The focus on net zero continues to sharpen and companies are developing plans, metrics and budgets as they map their pathways forward. However, the world within which these decisions are being taken is changing continuously, making it increasingly challenging to work out what the “right” decision is. We propose that the right decision is one that drives action without limiting future options.
In this article we start with an overview of climate-related risks, before considering the responses we are seeing from boards – and the shift in thinking that we recommend to help decision makers navigate uncertainty.
TCFD: A framework for unpacking risks
The framework laid out by the Taskforce for Climate-related Financial Disclosures (TCFD) is the clear point to start. It is increasingly forming the basis of voluntary disclosure of climate risk. The TCFD identifies transition risks and physical risks as the two main classes of climate risk to assess for transparent disclosure. APRA and ASIC both cite TCFD as best practice for disclosing the financial implications of climate risk. TCFD has also been mandated as a disclosure requirement in the UK and New Zealand, and steps are afoot in the US to introduce TCFD style reporting. We expect TCFD to form the basis of mandatory climate disclosure in Australia in the near term.

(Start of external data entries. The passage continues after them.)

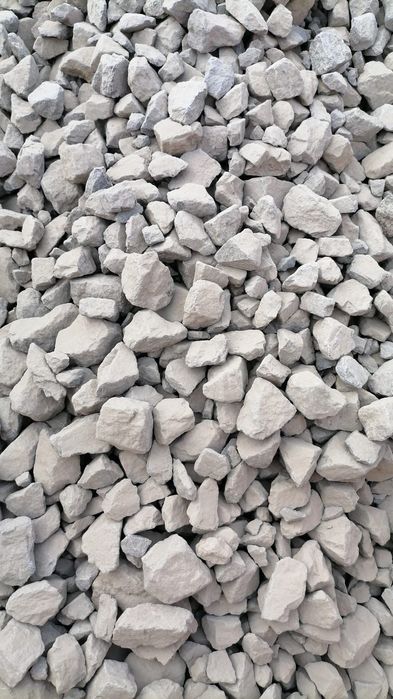 Piatră spartă de calcar (decor, garduri) 60-90 mm 90-120 mm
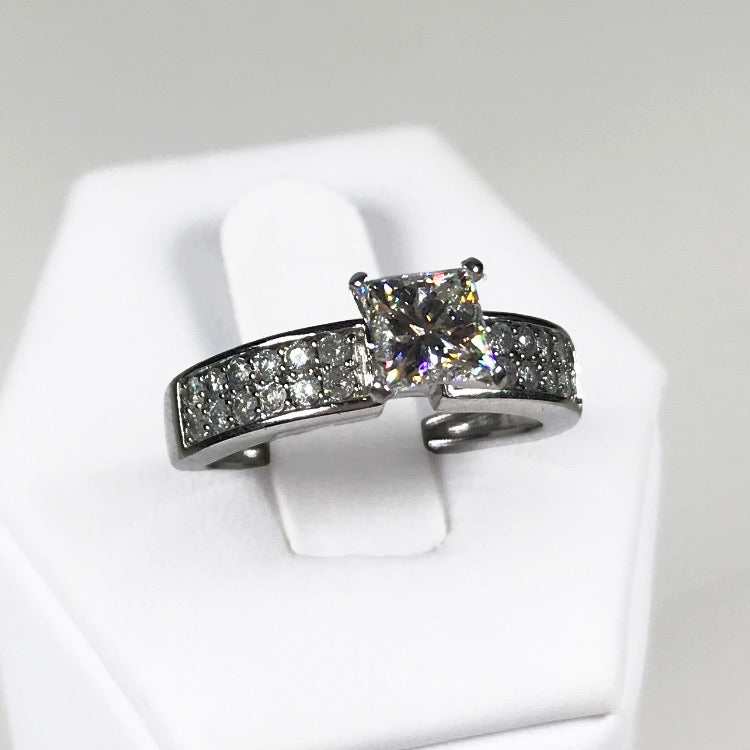 Anillo Solitario con Diamante Corte Princesa GIA  y Diamantes Latetales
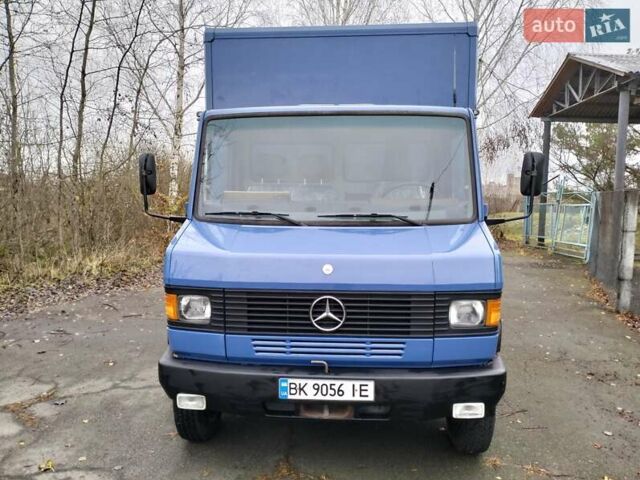 Синій Мерседес T2, об'ємом двигуна 3.8 л та пробігом 250 тис. км за 18800 $, фото 1 на Automoto.ua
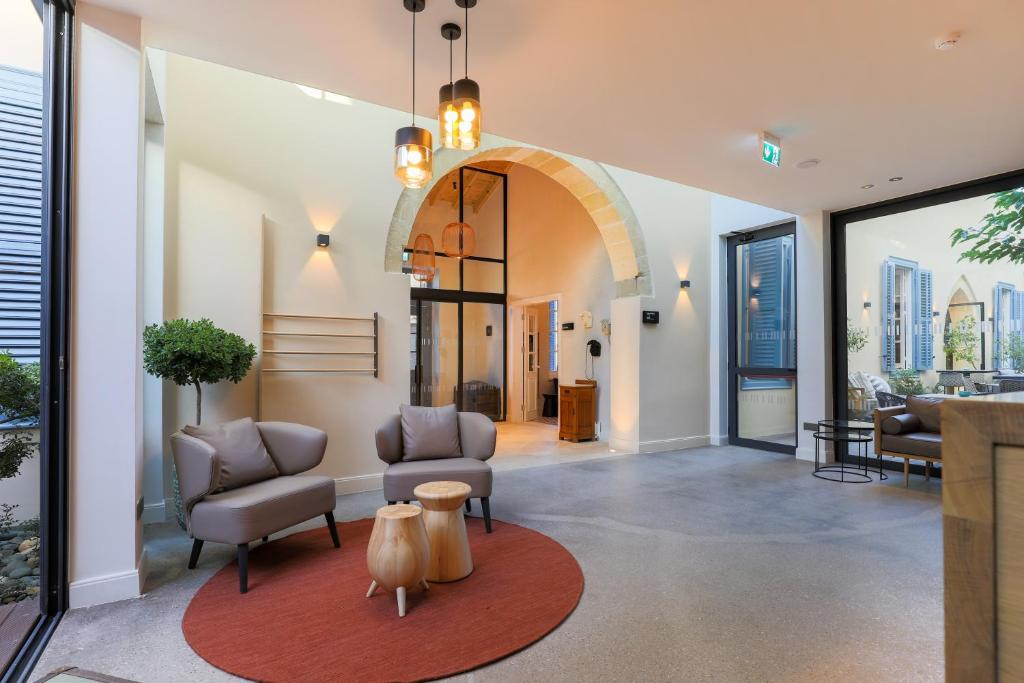 Posezení v ubytování Hotel Indigo Larnaca by IHG-ADULTS ONLY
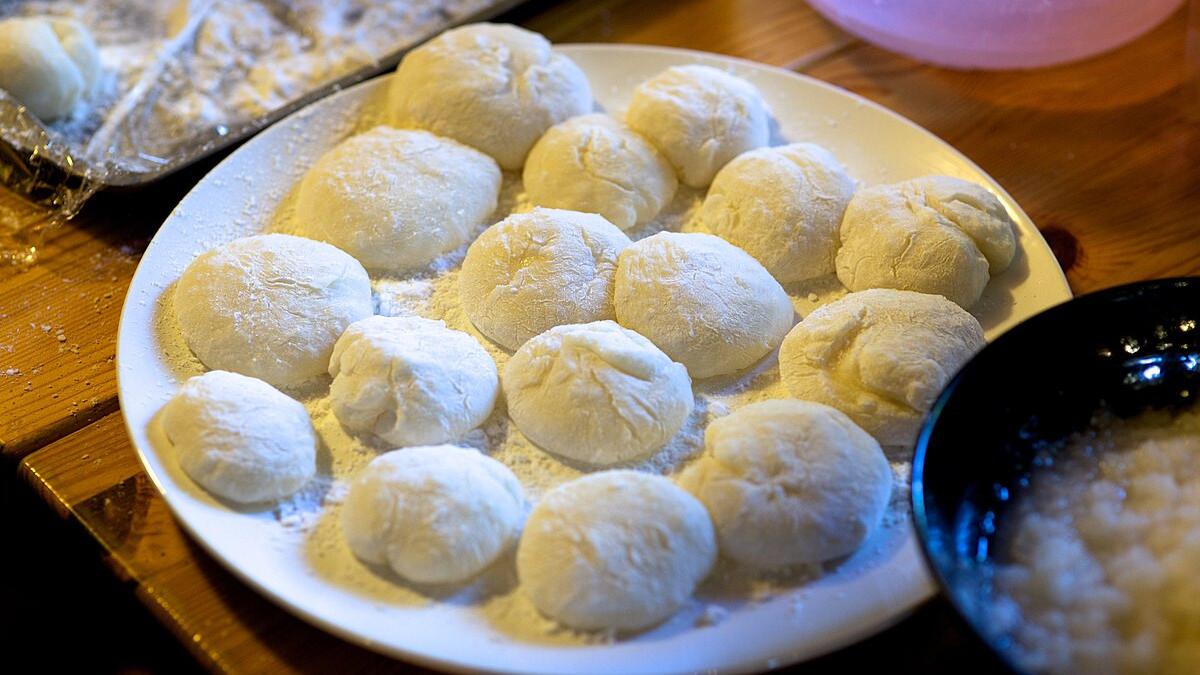 7 Resep Mochi Sederhana, Kenyalnya Bikin Nagih dan Seenak Beli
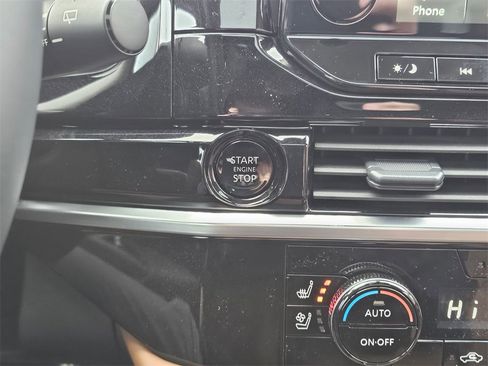 New 2025 Nissan Pathfinder Platinum image 24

The other framework people consider for assessing and reporting their progress on addressing climate change is the Science Based Targets Initiative (SBTi). The SBTi is best used to frame the metrics and performance measures required by the TCFD.
Transition risks are becoming clearer
Transition risks are those related to the path to net zero. They relate to emissions reduction, the policy changes that will direct attention and effort, and the associated changes in costs. Companies typically explore these risks across a number of categories including energy price changes, carbon price changes and the rate of reduction in emissions required.
The scenarios that companies can use to explore these risks typically relate to the pathway taken to net zero. They can be articulated in the context of a temperature increase associated with the warming that will result if globally that emissions reduction trajectory was adopted.
Companies talk about a net zero pathway that aligns with 1.5oC of warming, this will require the majority of companies globally to eliminate their scope 1 and scope 2 greenhouse gas emissions entirely by 2050. Companies also talk about reducing their emissions in line with 2oC of warming or 3oC of warming. These different transition scenarios highlight the future that the company is willing to accept for themselves and their society.
Physical risks are increasing
Physical risks arise from a changed natural environment. These risks are going to occur whether companies reduce their greenhouse gas emissions or not. We have already locked warming into our global weather systems. Reducing emissions going forward will limit this change, however it will not take this change away. Addressing physical risks is usually achieved through resilience and adaptation planning.
The scenarios used to explore how a changed climate will impact a company are typically aligned to 1.5oC of warming, 2oC of warming, and sometimes 3oC of warming. The impacts of 4oC of warming are so extreme it is difficult for models to converge to a point where you can assess the impact of climate on assets.
A note about scenarios
Companies should take care when deciding the scenarios that they will explore for both transition risks and physical risks. Deciding that emissions reductions will occur in line with 3oC of warming because of the perceived cost of reducing emissions any faster, and then only assessing the impact of 1.5oC of warming on the operations of the company, is at least disingenuous.
A pragmatic response
Companies are exploring the breadth of these risks, and using scenarios to unpack the outcomes of different strategic decisions, for example buying or building new assets. Typically when companies try to assess best outcomes, they look for an optimal or win-win option. However, when two different sets of scenarios relating to a future global state are overlaid onto the decisions, it is extremely unlikely that one option will be best in all cases. It is much more likely that different options are preferred as a function of which scenario is being explored at that point.
The uncertainty and complexity could result in companies or boards deciding not to take a decision, to wait and see what happens, to delay until uncertainty is resolved. However, the only thing that is certain about physical climate risk is that uncertainty will increase. For transition risks, while some will resolve, others might increase in magnitude.
However, it is no longer possible to define a right decision, or a best decision. We are unlikely to be able to optimise a decision outcome. However, what we can do is assess how likely an option is to be wrong. We can assess how options rank as we explore the different scenarios being assessed. As a minimum, it is possible to work out the option which is least likely to be wrong.
This will require boards and companies to become more risk and variance tolerant in their decision taking and might require adjustment of control points.
The only wrong decision is the decision not to act.
In Energetics’ work with clients we help them to address this uncertainty head on. We work through options and processes to enable them to reach decisions and move forward. We always come at decisions from the perspective that if you stand still you will lose, and endeavour to help our clients to take the most robust decisions in uncertain times.
Given the urgency to deliver net zero, to reduce emissions so that we have a chance of limiting global warming to 1.5oC and thus ensure that life on earth is not changed beyond imagination, we have to act now.